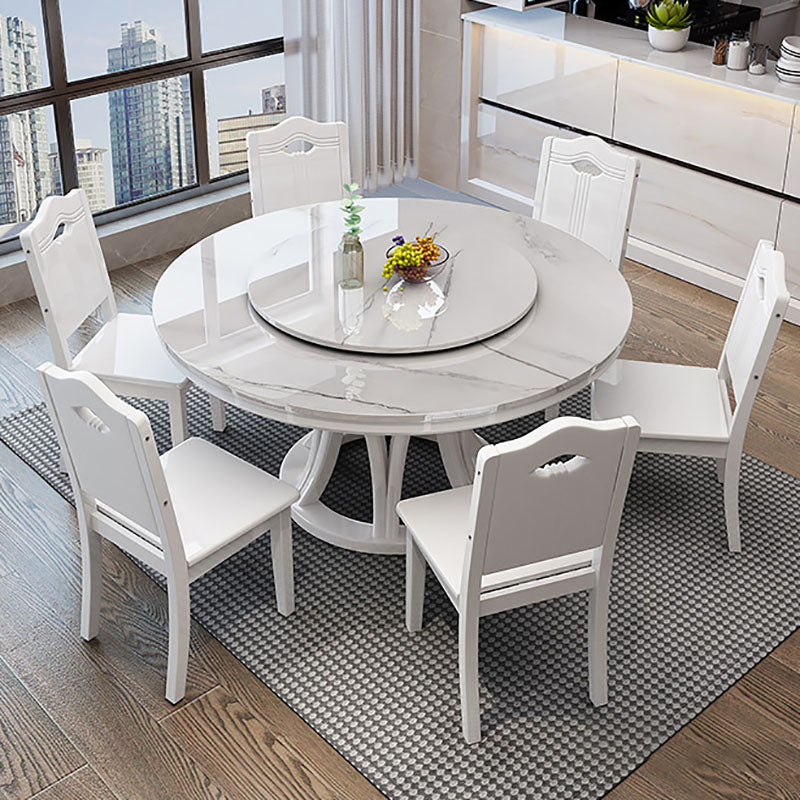 Modern Stone Round Folding Table Solid Wood Pedestal Casual Dining Table White Without Chairs Clearhalo ' dining_table' 'Dining Tables & Seating' 'Dining Tables' 'furn' 'furn_dining_table' 'Furniture' 'furniture_dining_table' 'Kitchen & Dining Furniture' 'kitchen&dining_furn' 'kitchen' 'kitchen_dining_table' 4665992
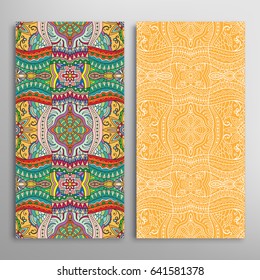 Vertical seamless patterns set, floral geometric lace texture for Wedding, Valentine's day, greeting cards or Birthday Invitations. Decorative seamless backgrounds. Ethnic ornament, border pattern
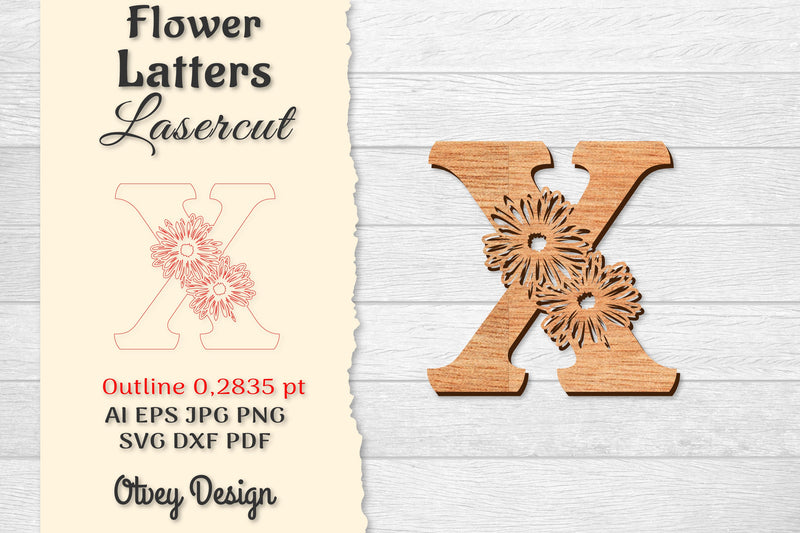 Flower Letters Laser Cut SVG Bundle 76 - CraftNest - Digital Crafting and Art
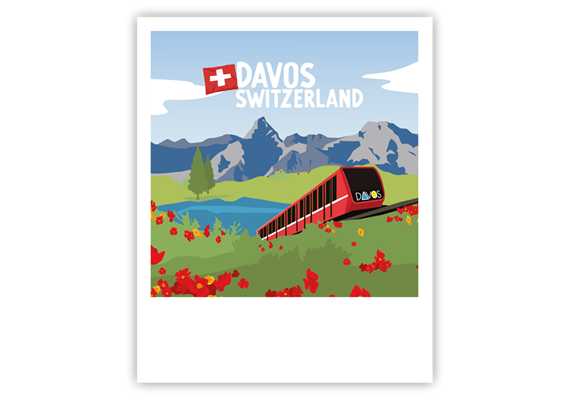 Postkarte Davos Berglandschaft mit Zug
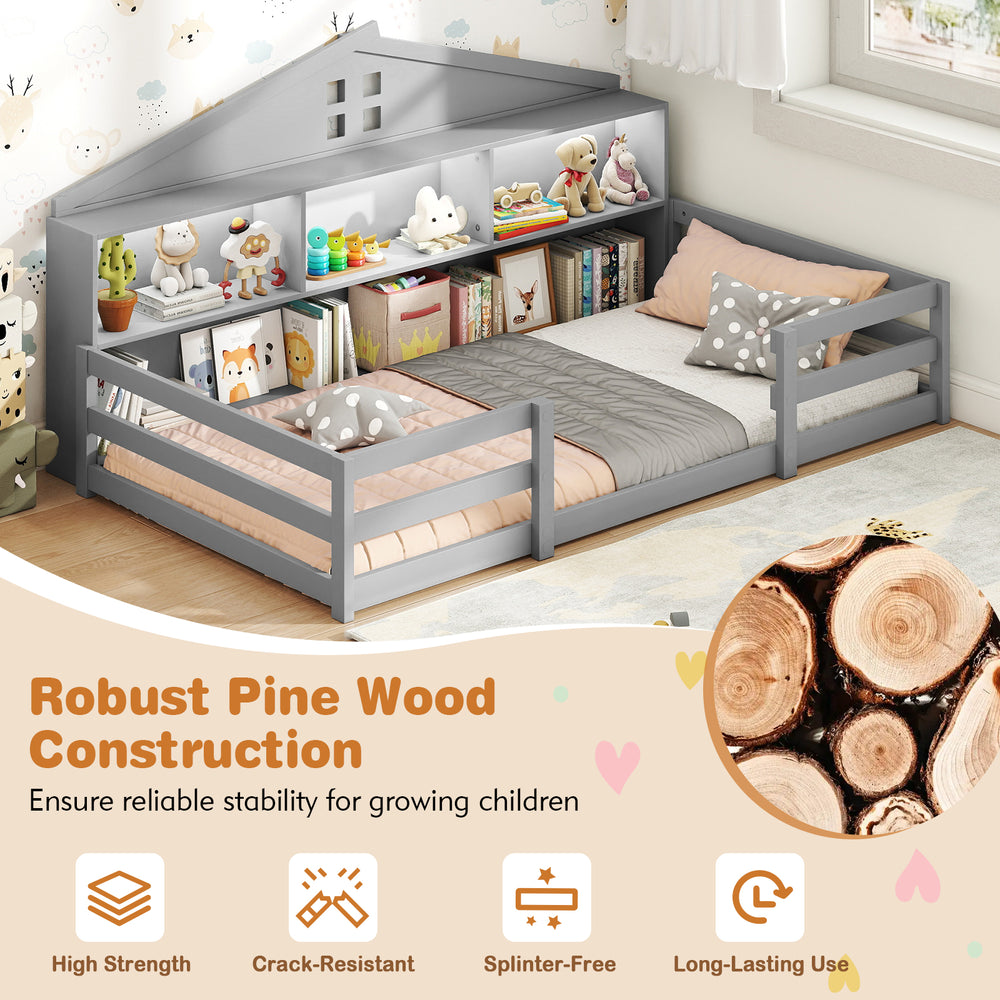 Twin size Montessori floor bed in gray featuring robust pine wood construction and practical storage for children's.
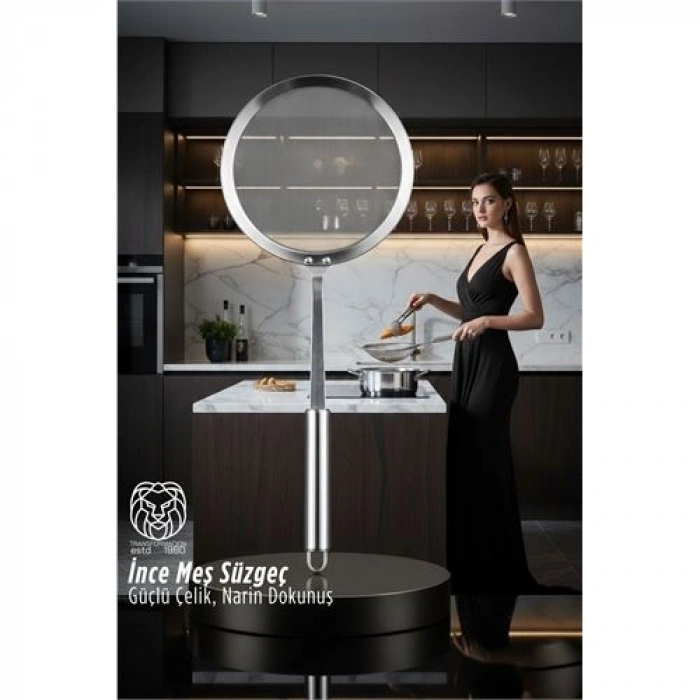 Giulia Serie  Lüks İnce Meş Süzgeç - 34 Cm Profesyonel Mutfak İmzası 304 Paslanmaz Çelik 722909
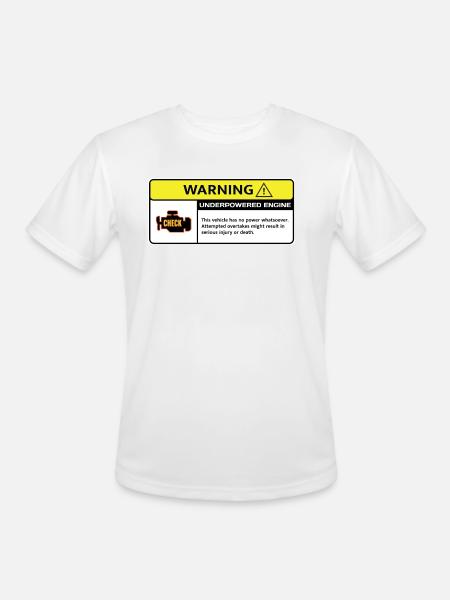 Underpowered Engine Warning - Men's Moisture Wicking Performance T-Shirt - white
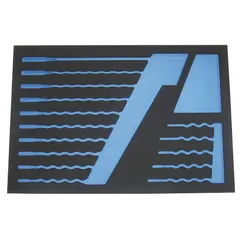 This blue EVA foam insert organizes and protects wrenches in tool chest drawers. It measures 22 3/8 inches long by 14 3/4 inches wide and features 15 compartments to keep tools separated and accessible.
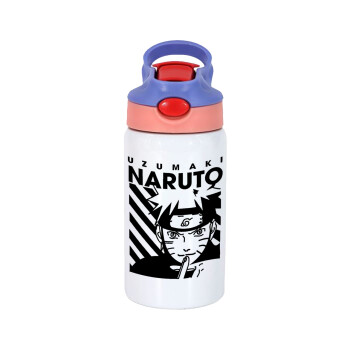 Naruto uzumaki, Παιδικό παγούρι θερμό, ανοξείδωτο, με καλαμάκι ασφαλείας, ροζ/μωβ (350ml)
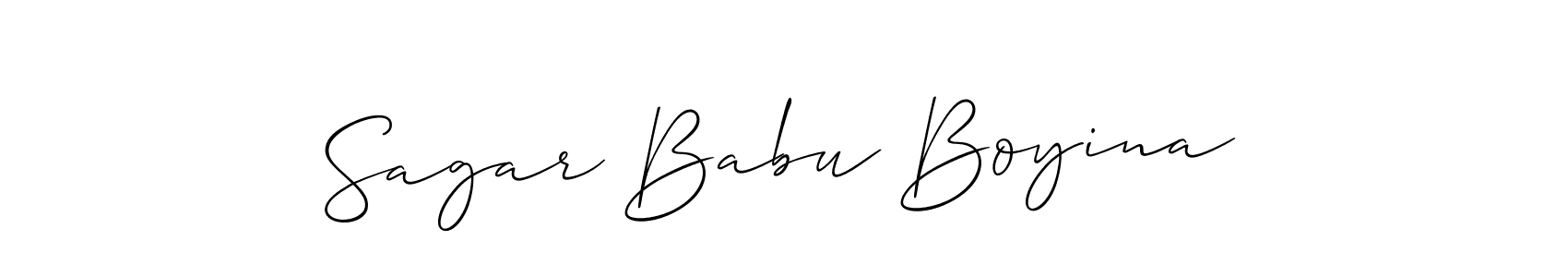 You should practise on your own different ways (Allison_Script) to write your name (Sagar Babu Boyina) in signature. don't let someone else do it for you. Sagar Babu Boyina signature style 2 images and pictures png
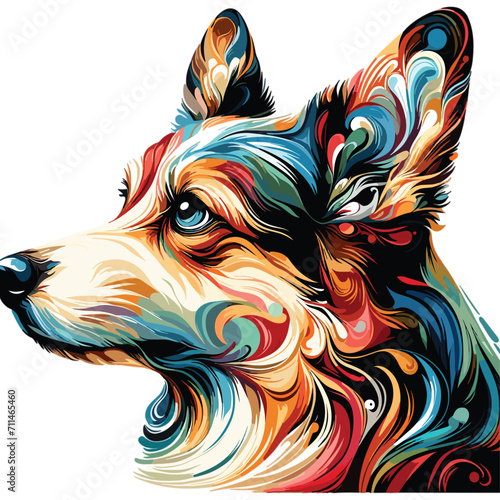 Vector Abstract head of welsh corgi pembroke from multicolored paints colored drawing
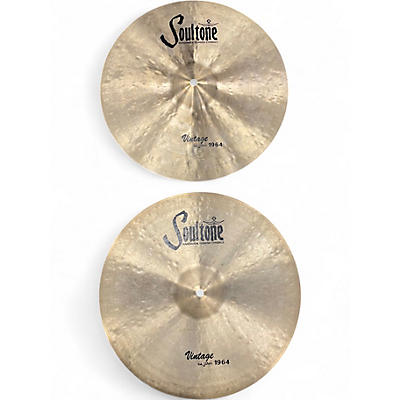 Used Soultone 15in Vintage Old School 1964 Hi Hat Pair Cymbal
-=-=-=-=-
### [Work task]
Make an exact reproduction of the listing above, without any pictures.

### [Result]
 Modern Stone Round Folding Table Solid Wood Pedestal Casual Dining Table White Without Chairs Clearhalo ' dining_table' 'Dining Tables & Seating' 'Dining Tables' 'furn' 'furn_dining_table' 'Furniture' 'furniture_dining_table' 'Kitchen & Dining Furniture' 'kitchen&dining_furn' 'kitchen' 'kitchen_dining_table' 4665992
 Vertical seamless patterns set, floral geometric lace texture for Wedding, Valentine's day, greeting cards or Birthday Invitations. Decorative seamless backgrounds. Ethnic ornament, border pattern
 Flower Letters Laser Cut SVG Bundle 76 - CraftNest - Digital Crafting and Art
 Postkarte Davos Berglandschaft mit Zug
 Twin size Montessori floor bed in gray featuring robust pine wood construction and practical storage for children's.
 Giulia Serie  Lüks İnce Meş Süzgeç - 34 Cm Profesyonel Mutfak İmzası 304 Paslanmaz Çelik 722909
 Underpowered Engine Warning - Men's Moisture Wicking Performance T-Shirt - white
 This blue EVA foam insert organizes and protects wrenches in tool chest drawers. It measures 22 3/8 inches long by 14 3/4 inches wide and features 15 compartments to keep tools separated and accessible.
 Naruto uzumaki, Παιδικό παγούρι θερμό, ανοξείδωτο, με καλαμάκι ασφαλείας, ροζ/μωβ (350ml)
 You should practise on your own different ways (Allison_Script) to write your name (Sagar Babu Boyina) in signature. don't let someone else do it for you. Sagar Babu Boyina signature style 2 images and pictures png
 Vector Abstract head of welsh corgi pembroke from multicolored paints colored drawing
 Used Soultone 15in Vintage Old School 1964 Hi Hat Pair Cymbal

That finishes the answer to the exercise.